This invention relates to an ion retardation method for separating mixtures of salts from aqueous solutions.
It is often desirable when two or more salts are dissolved in an aqueous medium to separate the salts in order to obtain at least one of the salts in relatively pure form. Such separation is especially difficult when the salts contain a common cation such as, for example, sodium hydroxide and sodium chloride. However, in many industries, it is critical to prepare sodium hydroxide solutions which have as little chloride ion as possible.

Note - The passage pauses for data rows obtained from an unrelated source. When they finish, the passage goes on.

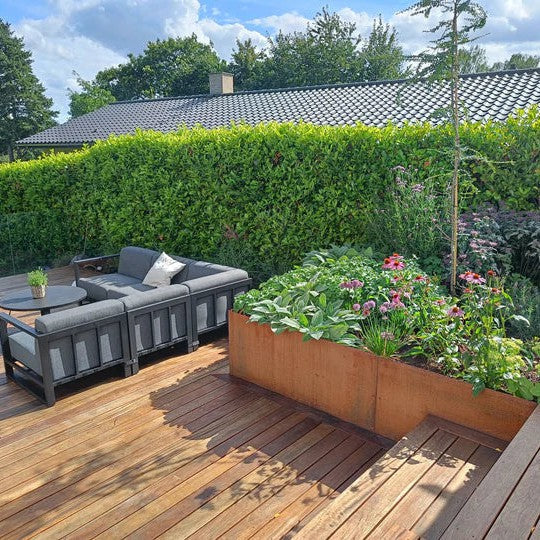 Spesialmål: Plantekasse, lang modell +200 cm (med bunn)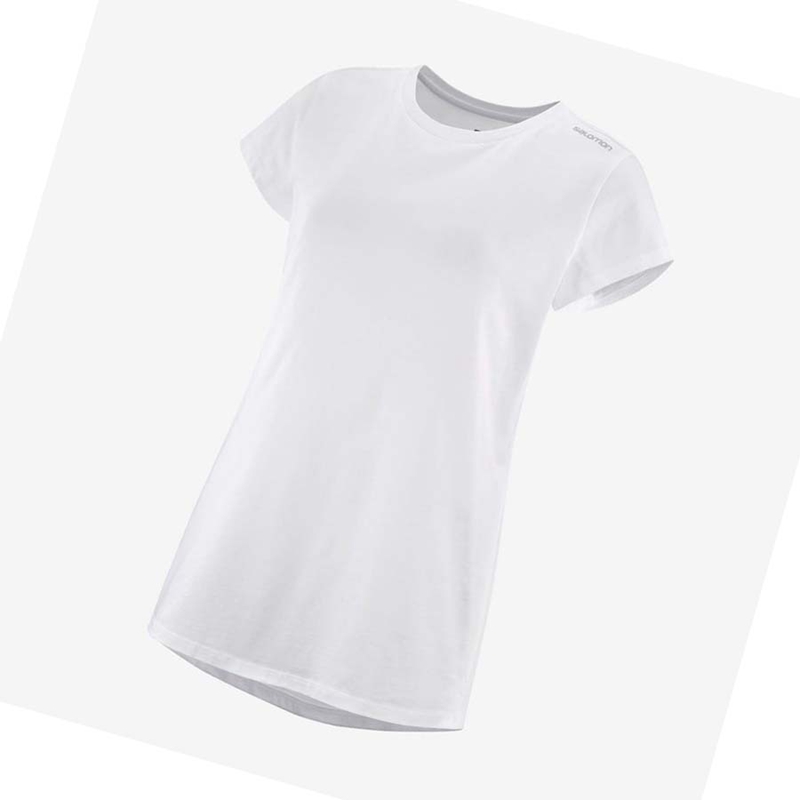 Camiseta Salomon OUTLIFE SCOOP HEM TEE W Mujer Blancas | 10763-YURZ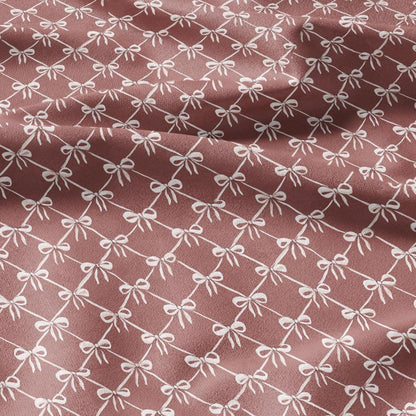 100% LINEN Fabric Ribbon bow trellis linen -pink white fabric for upholstery home decor dress making 3009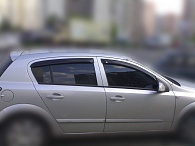 Дефлекторы окон Opel Astra (H) '2004-2012 (хетчбек, 5 дверей) EGR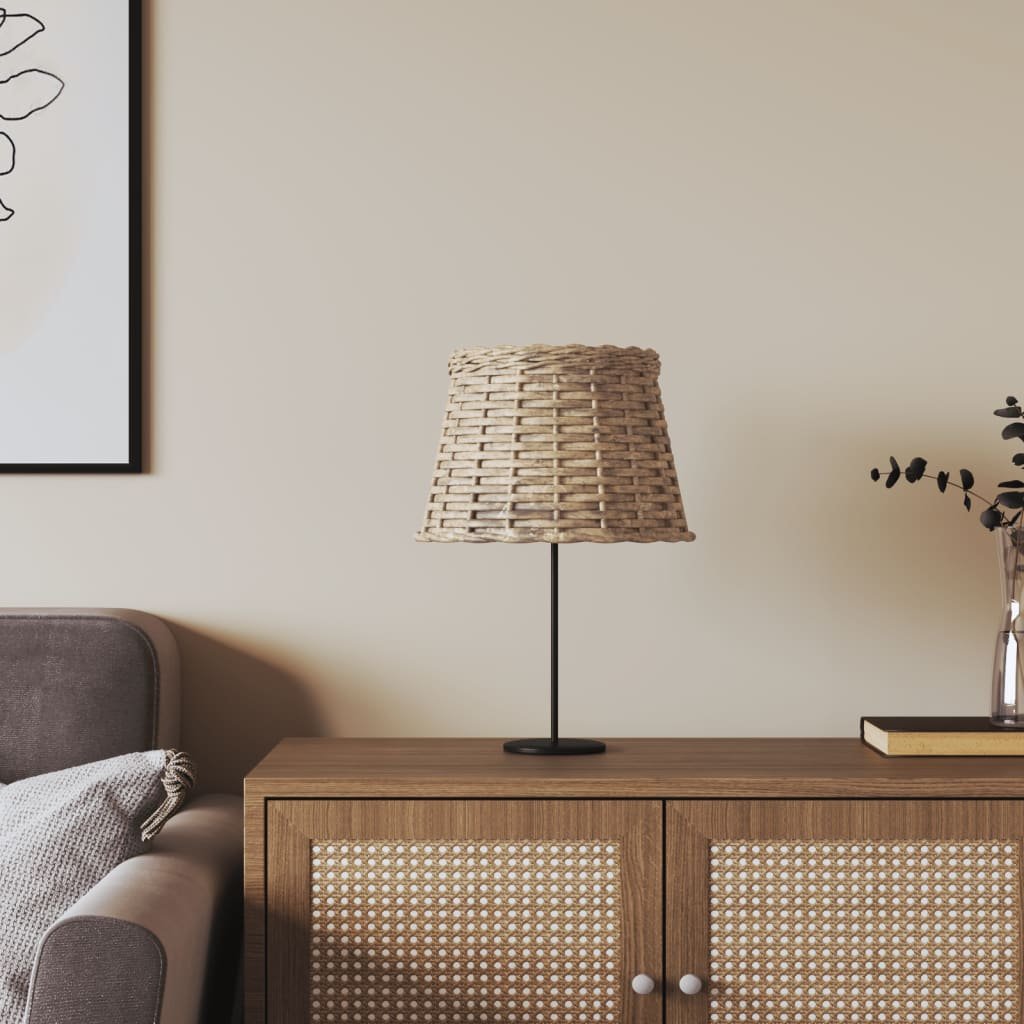 Walplus Brown Iron Wicker Lampshade - 25 x 17cm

For example, in the preparation of ion exchange resins to be used as condensate polishers in the nuclear power industry, it is essential to prepare such resins with the smallest possible amount of chloride ion as the presence of chloride ion leads to stress corrosion and other problems within the nuclear reactor. Accordingly, such resins are advantageously prepared in the hydroxide form, using sodium hydroxide solutions which are free of chloride ion.

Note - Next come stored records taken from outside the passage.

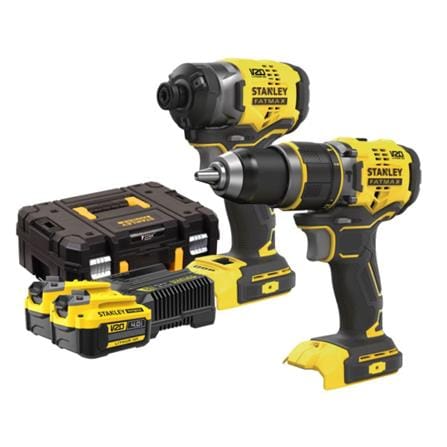ชุดสว่านและไขควงกระแทกไร้สาย (พร้อมแบตเตอรี่) STANLEY SBDI469M2T-B1 20 โวลต์_2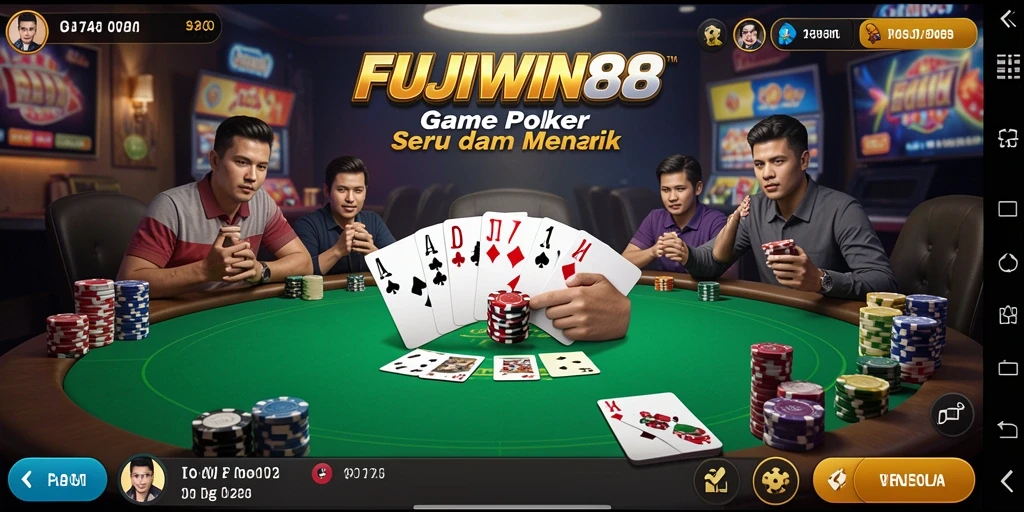 Tampilan gameplay menarik dalam aplikasi FUJIWIN88 yang penuh keseruan.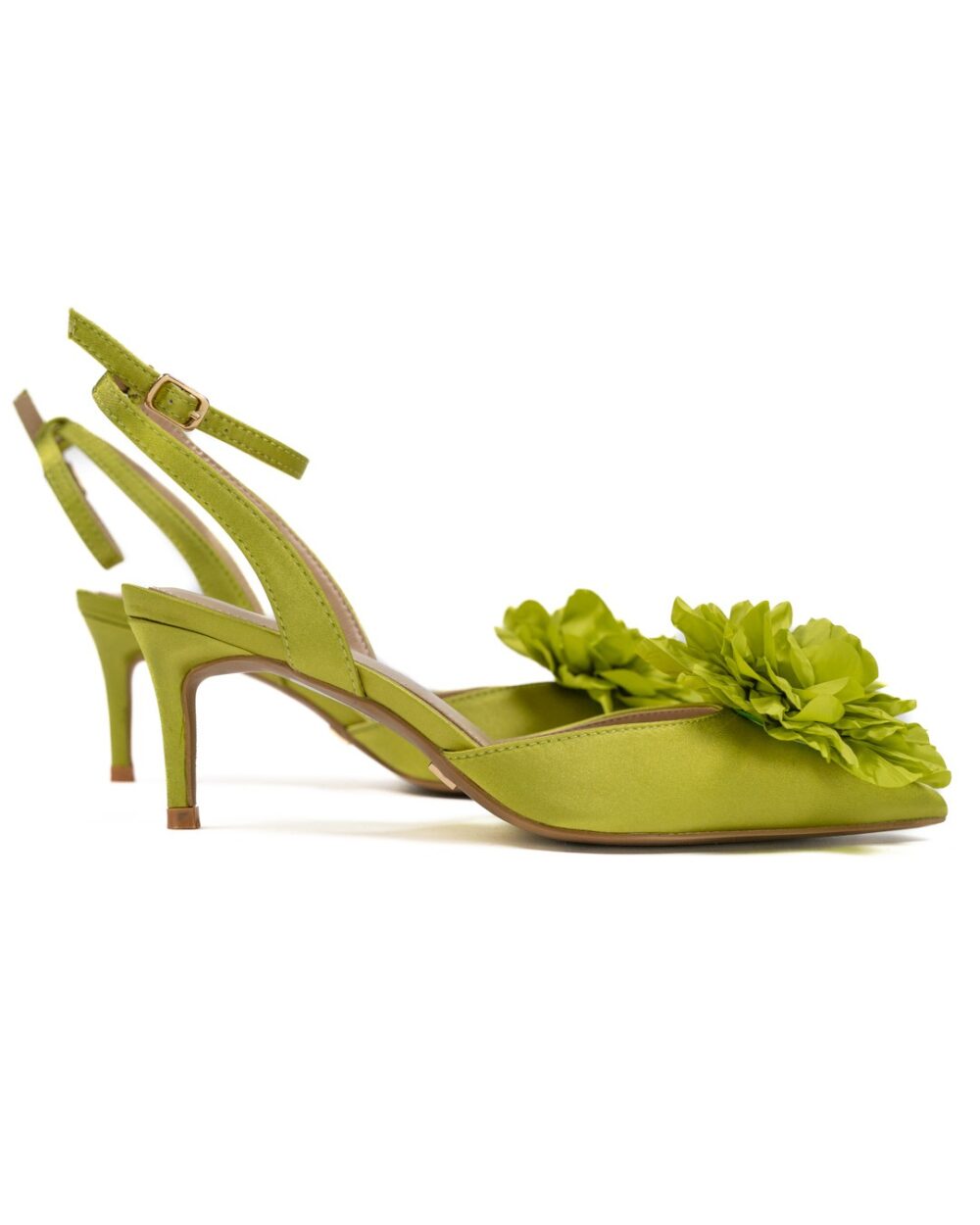 RINASCIMENTO - Decolletè con Fiore Lime - immagine 2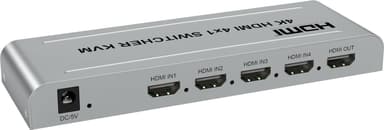 NÖRDIC KVM Switch 4 - 1 HDMI 4K 30Hz ja 2xUSB HDCP 2.2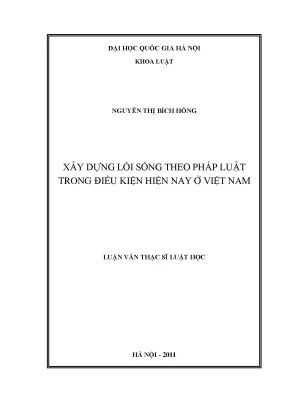 Xây dựng lối sống theo pháp luật trong điều kiện hiện nay ở việt nam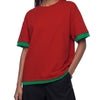 Boxy Color Block T-Shirt | カラーブロック 短丈Tシャツ
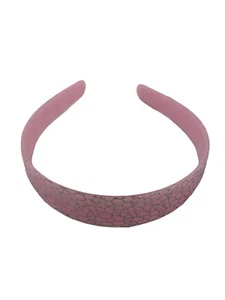 CERCHIETTO PLASTICA PER CAPELLI ROSA IRIDESCENTE ACCESSORI ACCONCIATURA MM 25 - Imagen 1 de 2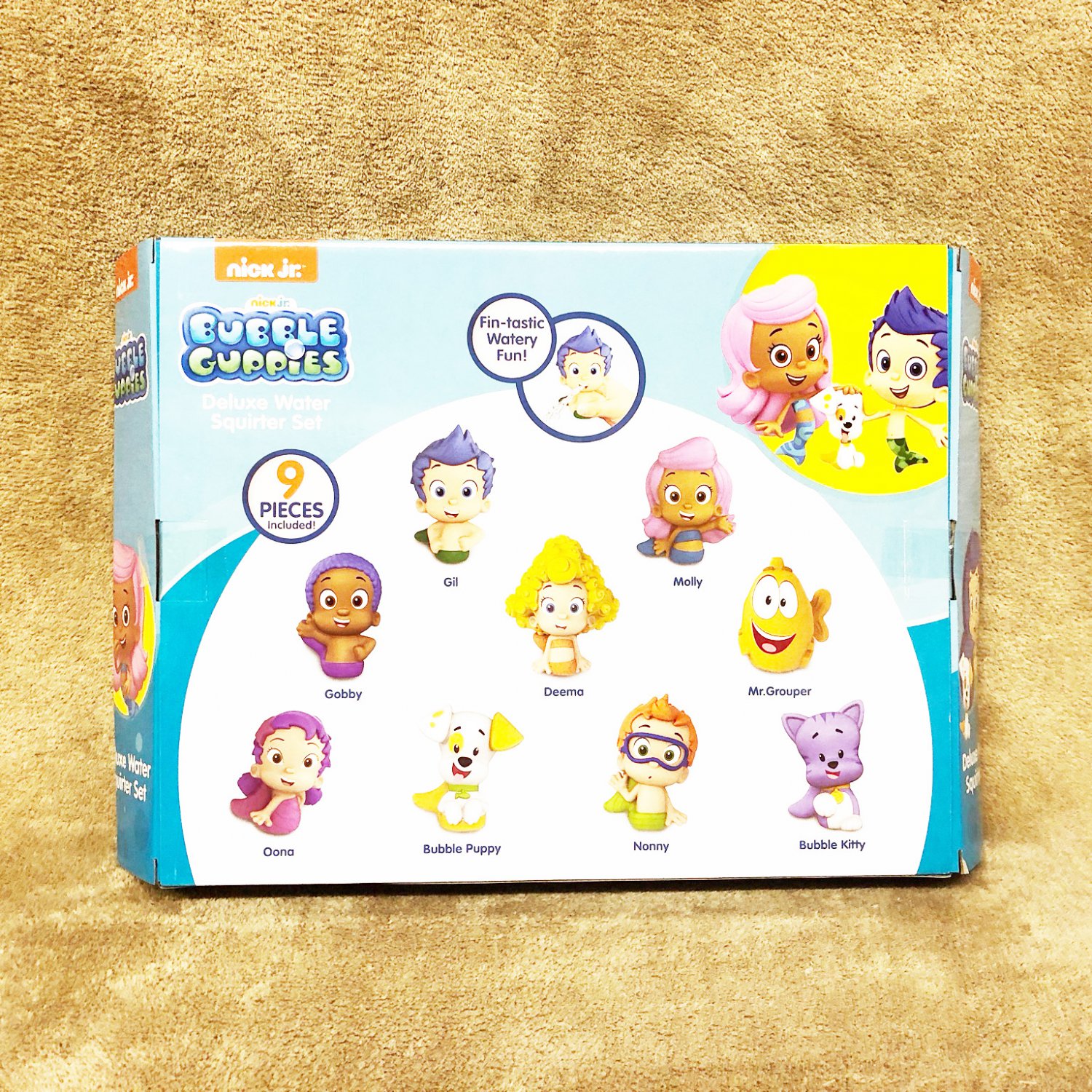 * NEW * Nick Jr Bubble Guppies Bath Squirters Deluxe Set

It has long been known that such separation of salts may be achieved through an ion retardation process. In such process, an aqueous solution containing the salts is passed through a bed of an ion retardation resin which retards the passage of one salt therethrough in relation to the other. Thus, the eluate from the resin bed will comprise a first fraction which is rich in one salt and a second fraction which is rich in the other salt.
The ion retardation resin is a so-called "snake cage polyelectrolyte" as discussed in an article in Industrial and Engineering Chemistry, Vol. 49, No. 11, November 1957, pages 1812-1819, entitled "Preparation and Use of Snake Cage Polyelectrolytes" by M. J. Hatch, J. A. Dillon and H. P. Smith. Such snake cage polyelectrolytes comprise a crosslinked polymer which contains pendant strong base groups which polymer further contains a second polymer, usually linear, which contains a plurality of pendant weakly acidic groups. In such snake cage polyelectrolytes the strongly basic groups and weakly acidic groups become ionically associated with each other. However, due to an excess of strong base groups or steric factors, some of the strong base groups do not become associated with a weak acid group. The presence of these unassociated strong base groups leads to a reduction of the ability of the resin to separate salts. As a result, some "leakage" of the undesired salt into the eluant fraction containing the desired salt occurs.

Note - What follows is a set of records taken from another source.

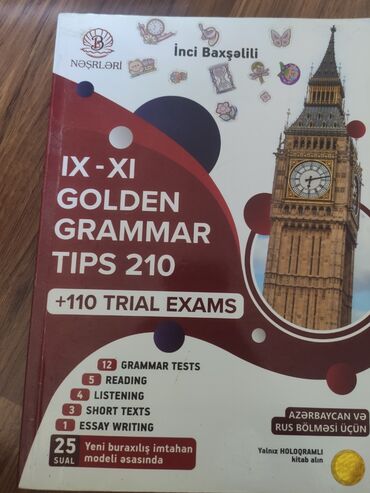 Cadillac: Məhsul: IX–XI Golden Grammar Tips 210 (+110 Trial Exams) – İnci
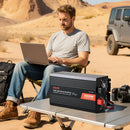 VEVOR Convertisseur Pur Sinus CC 12 V vers CA 230 V Onduleur Sinusoïdal Pur 3500 W, avec Écran LCD, Télécommande Filaire, Port USB et Type-C, 2 Prises CA, pour Camping-car, Voiture, Système Solaire - image 9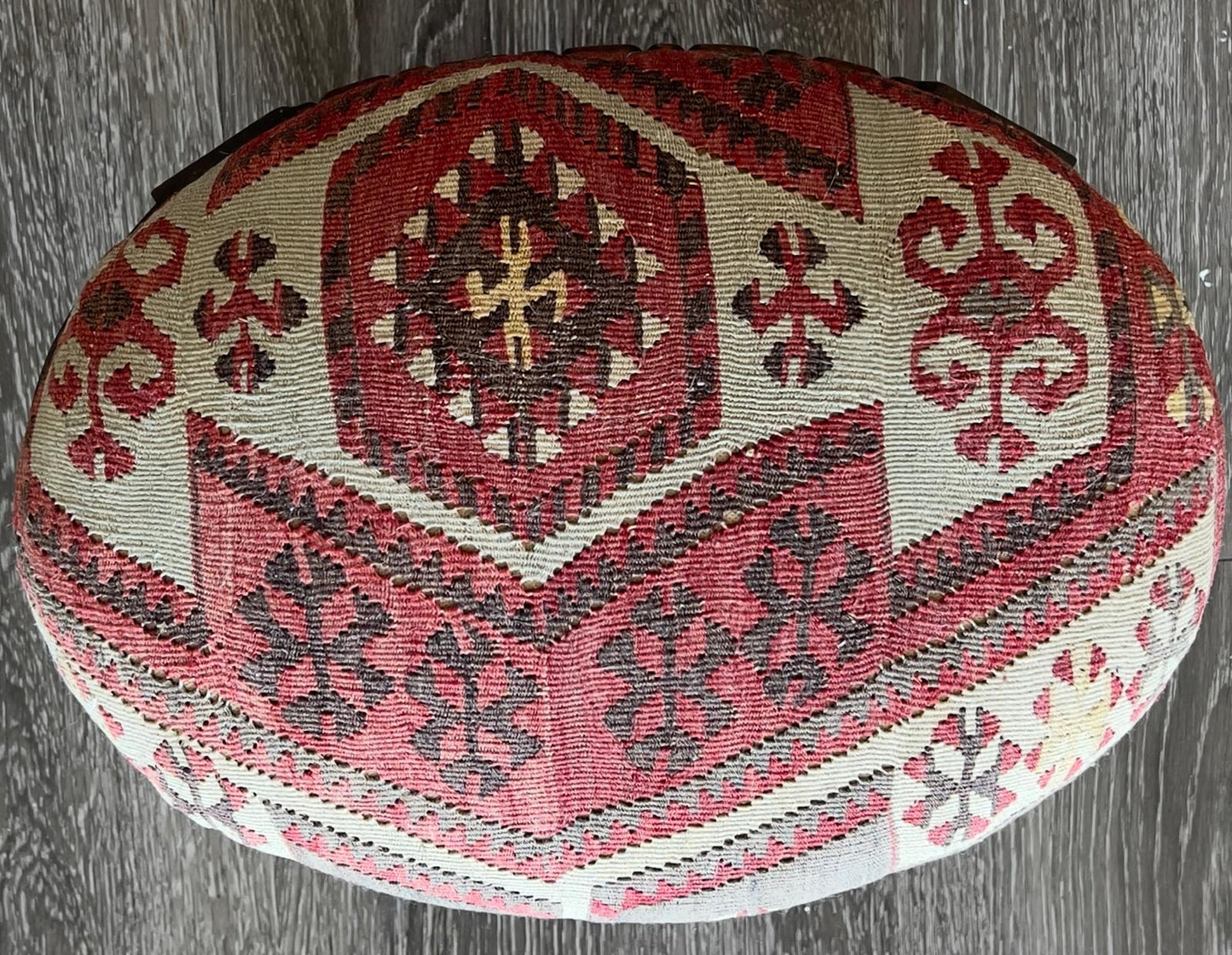 ANTIQUE KILIM STOOL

Previous attempts to reduce the amount of such leakage have focused on reducing the amount of unassociated strong base groups (hereinafter referred to as .DELTA.C.sup.+) in the resin. See, for example, U.S. Pat. Nos. 4,154,801 and 4,235,717. Typically, this is achieved by employing a large excess of the acid group-containing polymer. Unfortunately, however, such ion retardation resins having very low .DELTA.C.sup.+ are difficult to prepare and in use still do not separate salts completely.
Accordingly, it would be desirable to provide a method for separating mixtures of salts in aqueous solutions whereby very clean, efficient separation of said salts is achieved.